1. **Extract** `xiaozhi-esp32-main.zip` to your project folder.

2. **Compile** with ESP-IDF or Arduino IDE (ESP32-S3 target).

3. **Configure** Wi-Fi credentials and API keys in `config.h`.

4. **Flash** the firmware to the ESP32-S3 via USB.


### On-Robot Integration


- **INMP441** (I2S digital microphone) captures your voice.

- **MAX98357** (I2S Class-D amplifier) drives the 8 Ω speaker to play XiaoZhi's replies.

- The OLED can display a simple "listening / thinking / speaking" animation as the robot's "eyes."


> **Pipeline:** Voice Wake-Up → ASR → LLM → TTS → Speaker Output

ESP32S3-Cam Vision Module — Eyes for the Robot

So far the robot can *hear* and *speak*. To let it *see*, we add the **ESP32S3-Cam Vision Module**.

The source code is at tjcty20051110/ESP32S3-Cam-demo-Arduino.

### Module Overview


- **MCU:** ESP32-S3 dual-core 240 MHz + 8 MB PSRAM

- **Camera:** OV2640 / OV3660 image sensor

- **Interfaces:** I2C, UART, SPI, Wi-Fi, USB

- **Use cases:** Video streaming, face detection, color tracking, gesture recognition, and even on-device SLAM


### Existing Examples (from `ESP32S3CAM3/`)

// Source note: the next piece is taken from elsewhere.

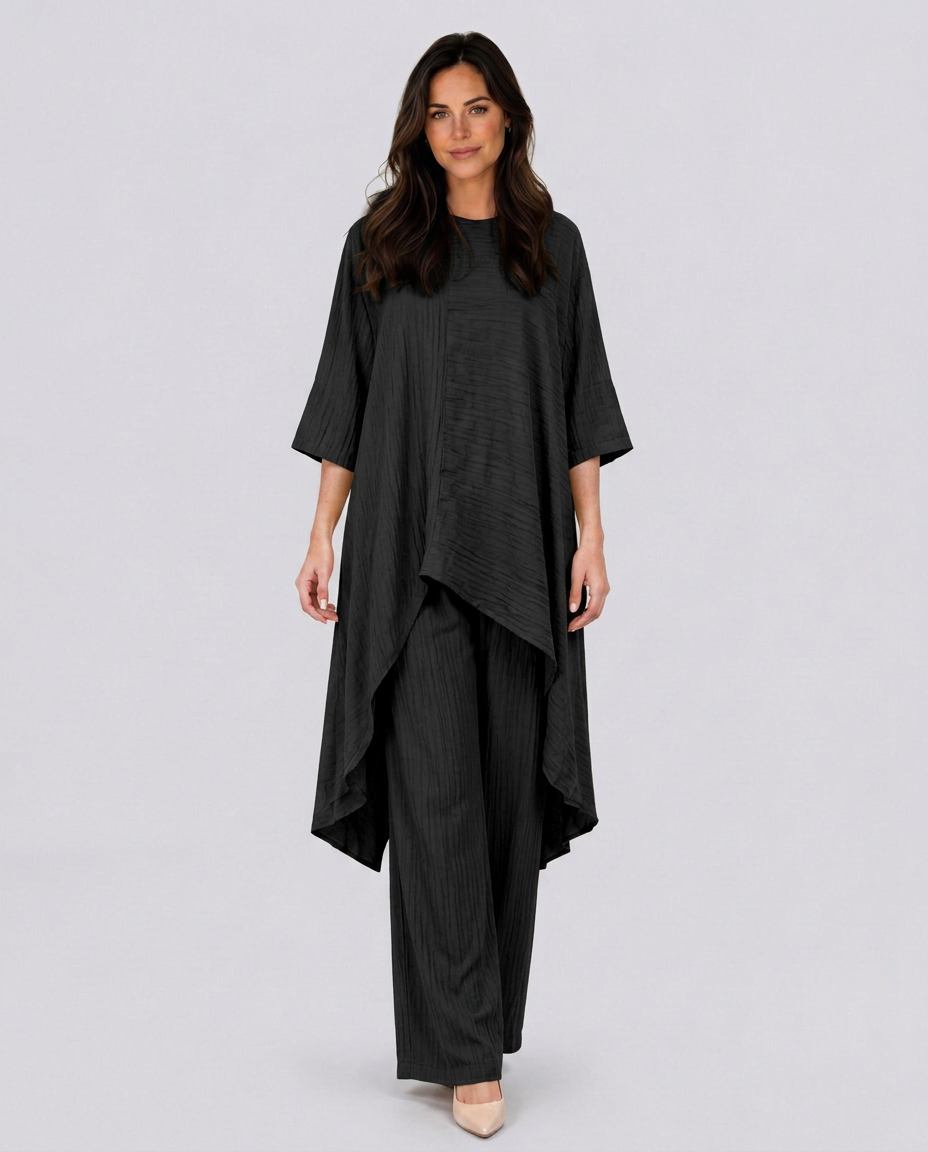 Soraya | Linen-Look Wide-Leg Co-ord Set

| Example | What It Does | Key Technique |

|---------|--------------|---------------|

| **ImageTransmit** | HTTP MJPEG video streaming | Wi-Fi soft-AP / STA |

| **FaceDetection** | Real-time face detection | ESP-WHO framework + I2C output |

| **ColorDetection** | HSV threshold detection | 5-color tracking + I2C output |

| **GestureRecognition** | Hand-gesture classification | Skin-tone segmentation + contour analysis |

| **HandwrittenDigitRecognition** | MNIST digit recognition | MLP with int8 quantization (97.5 % accuracy) |

| **HandwrittenDigitRecognition_Template** | Template-matching digits | No training required |


---


### Deep Dive: MonoVisualSLAM


The crown jewel of the vision module is **MonoVisualSLAM** — a lightweight single-camera SLAM running entirely on the ESP32-S3.


#### Algorithm


1. **Shi-Tomasi Corner Detection** extracts salient feature points on a 240×240 grayscale frame.

2. **Lucas-Kanade Optical Flow** tracks those corners across consecutive frames.

3. **Motion Estimation** computes the camera ego-motion (dx, dy) from the tracked flow vectors.

4. **Sparse Map Maintenance** keeps up to 50 map points in a lightweight point-cloud structure.

VLN-XZ Simulation — Future Research Directions

demo_forward_traj.png
demo_s_curve_traj.png
demo_slam_vln_traj.png
demo_square_traj.png
demo_turn_traj.png

To validate the full **Vision-Language Navigation** pipeline before deploying it on the physical robot, we built **VLN-XZ** — a PyBullet-based simulation environment.


### VLN-XZ: Vision-Language Navigation Simulation


VLN-XZ integrates:

- **Monocular Visual SLAM** (ORB features + optical flow)

- **Topological Semantic Mapping** (auto-built from scene objects)

- **LLM Natural-Language Planning** (Kimi K2 API)

- **Differential-Drive Robot Control**


It closes the loop from *"understanding human speech"* to *"walking to the target."*


### System Architecture


```

User Natural Language Instruction

LLM Planner (Kimi K2 API)

VLN Navigator

↙ ↘

Semantic Map Robot Diff-Drive

A* Path Camera

Visual SLAM (ORB + Optical Flow)

```


### Key Components


| Component | Description | Performance |

|-----------|-------------|-------------|

| **Visual SLAM** | ORB feature points + optical flow tracking | Position error < 0.1 m |

| **Semantic Map** | Auto-built from scene objects; supports A* path planning | Real-time update |

| **LLM Planner** | Parses natural language (e.g., *"go to the green box then the orange box"*) | Cloud API (Kimi K2) |

| **Diff-Drive Control** | Unified differential-drive control strategy | Smooth trajectory |


### Demo Scripts


| Script | Purpose |

|--------|---------|

| `demo_slam_vln.py` | SLAM mapping → semantic map → VLN navigation |

| `demo_llm_vln.py` | Adds LLM natural-language instruction parsing |


### Research Significance


This simulation system validates the complete algorithmic pipeline:


> **SLAM → Semantic Mapping → LLM Planning → Differential Control**


Once proven in simulation, the same pipeline will be ported to the **physical ESP32S3 desktop robot** equipped with the **ESP32S3-Cam vision module**, turning the desktop toy into a true voice-commanded, vision-guided autonomous agent.